# Objectivity, Subjectivity and Statistical Evidence

Author: Michael EVANS

Professor Michael Evans is President, Statistical Society of Canada, and Professor at the Department of Statistics, University of Toronto.

## Article

Statistics has applications in many fields. The point behind all of these applications is that there are questions for which there is no obvious way that we can obtain definitive answers. The reason for this lies in variation, which can arise for many reasons, and this leads to uncertainty. The health sciences provides an excellent example of this as the variation among patients, such as physical, genetic and lifestyle characteristics, lead to different responses to a treatment for a health problem. We are then left with the questions of whether or not a treatment works and, if so, how well.
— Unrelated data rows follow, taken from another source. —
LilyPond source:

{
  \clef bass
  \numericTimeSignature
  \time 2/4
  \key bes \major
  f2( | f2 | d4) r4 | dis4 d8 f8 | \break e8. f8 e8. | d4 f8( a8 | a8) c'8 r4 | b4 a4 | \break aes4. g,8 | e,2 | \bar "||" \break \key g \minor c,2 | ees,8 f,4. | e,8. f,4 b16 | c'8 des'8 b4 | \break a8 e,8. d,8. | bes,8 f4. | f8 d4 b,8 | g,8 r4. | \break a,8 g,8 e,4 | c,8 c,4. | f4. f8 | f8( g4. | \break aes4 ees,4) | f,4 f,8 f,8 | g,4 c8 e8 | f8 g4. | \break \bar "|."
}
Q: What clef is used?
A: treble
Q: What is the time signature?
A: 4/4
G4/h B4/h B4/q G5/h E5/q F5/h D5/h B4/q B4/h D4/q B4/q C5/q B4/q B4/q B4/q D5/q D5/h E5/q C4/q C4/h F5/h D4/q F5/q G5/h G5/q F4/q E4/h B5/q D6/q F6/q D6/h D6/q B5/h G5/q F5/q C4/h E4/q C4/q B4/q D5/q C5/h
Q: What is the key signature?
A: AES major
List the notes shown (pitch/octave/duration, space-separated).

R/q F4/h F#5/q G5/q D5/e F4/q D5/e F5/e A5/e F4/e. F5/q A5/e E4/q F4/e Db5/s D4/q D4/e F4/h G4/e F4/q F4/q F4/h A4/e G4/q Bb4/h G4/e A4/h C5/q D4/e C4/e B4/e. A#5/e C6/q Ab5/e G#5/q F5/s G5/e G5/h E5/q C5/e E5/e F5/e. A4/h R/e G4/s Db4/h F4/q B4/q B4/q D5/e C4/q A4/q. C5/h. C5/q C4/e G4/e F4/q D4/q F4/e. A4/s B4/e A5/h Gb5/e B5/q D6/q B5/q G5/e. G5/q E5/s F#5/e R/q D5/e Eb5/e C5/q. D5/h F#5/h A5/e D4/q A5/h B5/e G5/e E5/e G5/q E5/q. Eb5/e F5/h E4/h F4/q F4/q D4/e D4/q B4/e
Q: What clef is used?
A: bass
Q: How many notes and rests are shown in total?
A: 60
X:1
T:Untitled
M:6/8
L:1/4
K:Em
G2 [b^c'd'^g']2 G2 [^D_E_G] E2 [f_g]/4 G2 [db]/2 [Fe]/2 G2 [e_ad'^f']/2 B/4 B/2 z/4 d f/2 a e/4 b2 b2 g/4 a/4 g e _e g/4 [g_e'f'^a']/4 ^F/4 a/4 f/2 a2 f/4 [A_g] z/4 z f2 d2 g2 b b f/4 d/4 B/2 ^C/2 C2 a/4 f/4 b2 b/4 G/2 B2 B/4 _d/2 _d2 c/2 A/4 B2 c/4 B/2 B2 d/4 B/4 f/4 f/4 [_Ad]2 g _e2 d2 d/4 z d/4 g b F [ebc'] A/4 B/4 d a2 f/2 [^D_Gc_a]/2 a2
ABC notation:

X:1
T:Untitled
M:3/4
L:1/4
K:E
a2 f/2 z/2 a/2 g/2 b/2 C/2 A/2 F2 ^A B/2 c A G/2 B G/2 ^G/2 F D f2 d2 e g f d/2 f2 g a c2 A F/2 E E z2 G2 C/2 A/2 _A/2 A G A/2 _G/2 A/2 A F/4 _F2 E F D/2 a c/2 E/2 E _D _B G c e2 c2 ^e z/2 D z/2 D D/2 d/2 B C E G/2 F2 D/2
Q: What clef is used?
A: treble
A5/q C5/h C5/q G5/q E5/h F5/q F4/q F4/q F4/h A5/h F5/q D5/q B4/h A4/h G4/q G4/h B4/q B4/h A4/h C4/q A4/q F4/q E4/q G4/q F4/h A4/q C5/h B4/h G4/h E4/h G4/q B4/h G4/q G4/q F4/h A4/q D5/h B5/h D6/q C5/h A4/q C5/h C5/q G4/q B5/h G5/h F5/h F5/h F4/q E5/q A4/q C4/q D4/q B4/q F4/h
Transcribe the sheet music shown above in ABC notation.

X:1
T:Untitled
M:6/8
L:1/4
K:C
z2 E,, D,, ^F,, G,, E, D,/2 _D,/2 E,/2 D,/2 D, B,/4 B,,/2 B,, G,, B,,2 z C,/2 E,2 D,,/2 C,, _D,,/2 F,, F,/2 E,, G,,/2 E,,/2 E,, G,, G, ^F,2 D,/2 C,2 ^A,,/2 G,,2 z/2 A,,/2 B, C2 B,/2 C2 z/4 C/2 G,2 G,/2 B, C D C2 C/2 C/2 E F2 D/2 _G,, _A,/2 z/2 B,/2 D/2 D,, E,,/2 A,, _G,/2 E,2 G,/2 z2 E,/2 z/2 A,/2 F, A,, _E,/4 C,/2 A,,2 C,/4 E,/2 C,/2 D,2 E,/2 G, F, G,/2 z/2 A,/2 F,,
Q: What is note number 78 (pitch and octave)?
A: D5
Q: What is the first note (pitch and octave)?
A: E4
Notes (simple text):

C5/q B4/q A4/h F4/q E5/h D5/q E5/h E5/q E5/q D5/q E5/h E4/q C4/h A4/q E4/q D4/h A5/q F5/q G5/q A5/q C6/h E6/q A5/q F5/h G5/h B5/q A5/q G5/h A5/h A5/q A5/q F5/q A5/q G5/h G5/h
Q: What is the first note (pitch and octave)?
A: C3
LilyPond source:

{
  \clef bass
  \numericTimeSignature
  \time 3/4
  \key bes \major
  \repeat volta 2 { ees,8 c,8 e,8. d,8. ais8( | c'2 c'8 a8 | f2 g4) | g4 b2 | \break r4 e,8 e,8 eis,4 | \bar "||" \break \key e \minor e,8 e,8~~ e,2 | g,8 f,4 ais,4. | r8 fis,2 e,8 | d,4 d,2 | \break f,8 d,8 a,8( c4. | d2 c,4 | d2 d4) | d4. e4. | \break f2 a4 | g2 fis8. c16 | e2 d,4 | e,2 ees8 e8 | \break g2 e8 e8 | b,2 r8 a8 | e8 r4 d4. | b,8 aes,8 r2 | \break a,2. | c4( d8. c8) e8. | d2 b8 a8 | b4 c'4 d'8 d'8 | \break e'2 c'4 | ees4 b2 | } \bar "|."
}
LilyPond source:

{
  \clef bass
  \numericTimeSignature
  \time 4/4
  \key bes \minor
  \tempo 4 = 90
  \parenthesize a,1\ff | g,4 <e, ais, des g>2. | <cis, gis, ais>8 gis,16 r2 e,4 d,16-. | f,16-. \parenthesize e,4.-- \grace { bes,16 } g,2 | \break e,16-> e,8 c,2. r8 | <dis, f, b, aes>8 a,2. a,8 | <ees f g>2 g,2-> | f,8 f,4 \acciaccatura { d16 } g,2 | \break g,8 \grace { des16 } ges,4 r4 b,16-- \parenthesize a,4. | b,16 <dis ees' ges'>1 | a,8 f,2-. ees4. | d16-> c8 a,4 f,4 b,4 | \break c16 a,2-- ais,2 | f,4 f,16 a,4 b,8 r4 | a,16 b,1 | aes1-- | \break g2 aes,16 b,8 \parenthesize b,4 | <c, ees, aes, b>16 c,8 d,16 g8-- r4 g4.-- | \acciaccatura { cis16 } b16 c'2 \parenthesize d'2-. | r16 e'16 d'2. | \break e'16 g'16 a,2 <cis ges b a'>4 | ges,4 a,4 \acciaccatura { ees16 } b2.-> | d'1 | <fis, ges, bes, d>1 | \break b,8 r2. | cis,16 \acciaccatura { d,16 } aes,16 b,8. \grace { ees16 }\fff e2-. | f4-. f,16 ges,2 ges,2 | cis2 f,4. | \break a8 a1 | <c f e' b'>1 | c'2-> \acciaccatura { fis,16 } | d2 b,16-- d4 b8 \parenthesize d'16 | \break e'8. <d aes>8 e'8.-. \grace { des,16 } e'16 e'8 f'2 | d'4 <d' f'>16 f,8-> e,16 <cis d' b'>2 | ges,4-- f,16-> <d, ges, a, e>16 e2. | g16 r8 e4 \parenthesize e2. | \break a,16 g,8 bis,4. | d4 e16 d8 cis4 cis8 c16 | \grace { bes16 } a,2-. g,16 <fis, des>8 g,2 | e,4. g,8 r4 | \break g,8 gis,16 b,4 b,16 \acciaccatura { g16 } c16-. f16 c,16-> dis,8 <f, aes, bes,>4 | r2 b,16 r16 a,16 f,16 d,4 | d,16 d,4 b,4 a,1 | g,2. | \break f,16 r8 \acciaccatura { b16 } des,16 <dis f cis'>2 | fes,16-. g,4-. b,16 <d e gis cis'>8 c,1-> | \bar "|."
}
To be a problem for which statistical methodology is applicable, this variation must exhibit some regularity which we can model. The archetypal example of this is a population Ω, perhaps consisting of all individuals suffering from a particular disease, and a measurement X which is measured for each member ω of Ω. For example, X(ω) could be the blood pressure, measured in appropriate units, of individual ω in Ω. The population Ω and the measurement X lead to a distribution of the characteristic over the population as given by ƒX, where ƒX($x$) is the proportion of individuals in Ω that have X(ω) = $x$ and we record this for each possible value $x$ of X. So in a statistical application we want to know the distribution ƒX. If we can conduct a census, namely, obtain X(ω) for every ω in Ω, then we know ƒX exactly and there is no need for statistics.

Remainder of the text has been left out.